Mr. Comer made the requests last month after new Twitter owner Elon Musk released a flood of internal documents known as the Twitter Files that showed the platform had a left-wing bias that affected how it censored viewpoints.
The Twitter Files exposed the censorship of conservative messages and the decision to permanently ban then-President Trump from the platform in the wake of the Jan. 6, 2021, attack on the U.S. Capitol in addition to the suppression of information about Hunter Biden’s laptop.
In addition to putting the Twitter executives on notice, Mr. Comer demanded that Treasury Secretary Janet Yellen hand over a tranche of Suspicious Activity Reports (SARs) in the Treasury Department’s possession that he says shed light on a web of potentially illegal business ventures spearheaded by the Biden family.
Mr. Comer says previous requests that the Treasury Department hand over the SARs — reports generated by banks to flag suspected illegal activity — have been ignored.
“The committee is investigating President Biden’s knowledge of and role in these schemes to assess whether he has compromised our national security at the expense of the American people,” Mr. Comer wrote in a letter to Ms. Yellen. “Accordingly, we make this renewed request for certain records and information in Treasury’s custody.”

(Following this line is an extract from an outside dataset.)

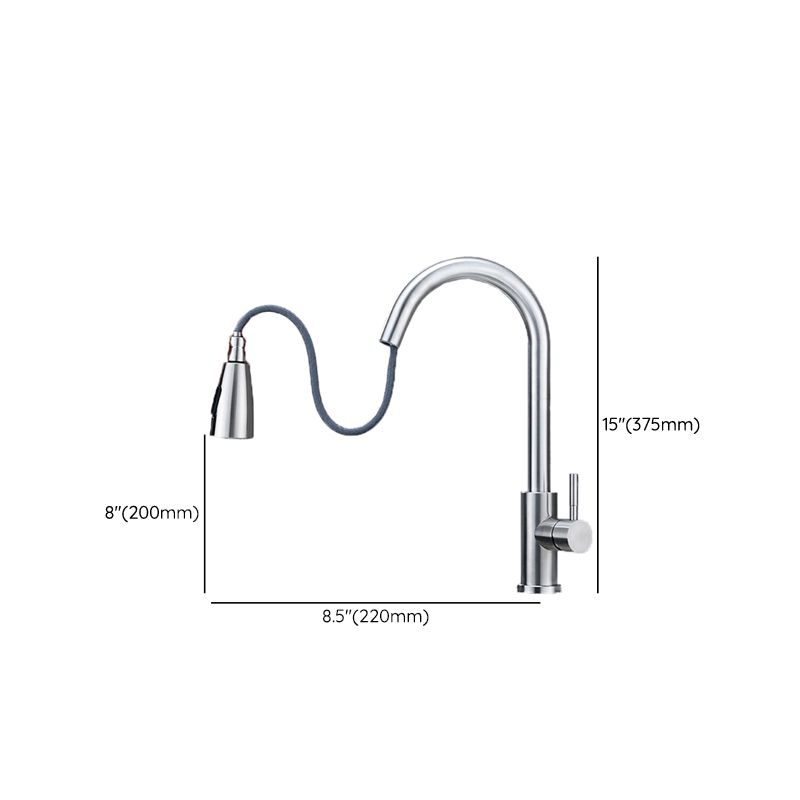 Modern 1-Handle Faucet 304 Stainless Steel with Water Dispenser Pull down Faucet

HunterBiden’s far-flung business deals have raised eyebrows for years about potential influence peddling and possible crimes. He served on the board of a Ukrainian natural gas company, pursued deals with Chinese Communist Party-linked energy tycoons and allegedly pocketed more than $3 million from a Russian businesswoman who is the widow of a former mayor of Moscow.
Citing evidence obtained from Hunter Biden’s laptop and through whistleblowers, Mr. Comer said his committee had uncovered a “decade-long pattern of influence peddling, national security risks and political cover-ups” committed by the Biden family with the knowledge and involvement of the president.

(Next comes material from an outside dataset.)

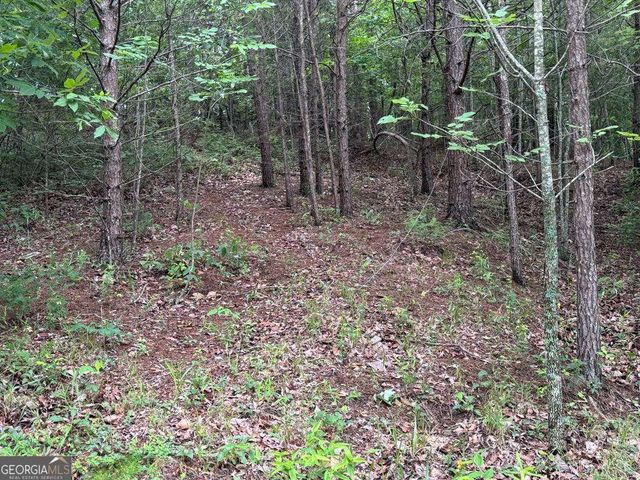 575 Galaxy Way NE, Ranger, GA 30734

Republicans on the oversight committee said in a 31-page report that the president was directly involved in his family’s business deals, including those involving foreign interests, despite claiming he did not know the details.
The White House has consistently brushed off Republicans’ pledge to expand their inquiry. It called the lawmakers’ claims “politically motivated attacks chock-full of long-debunked conspiracy theories.”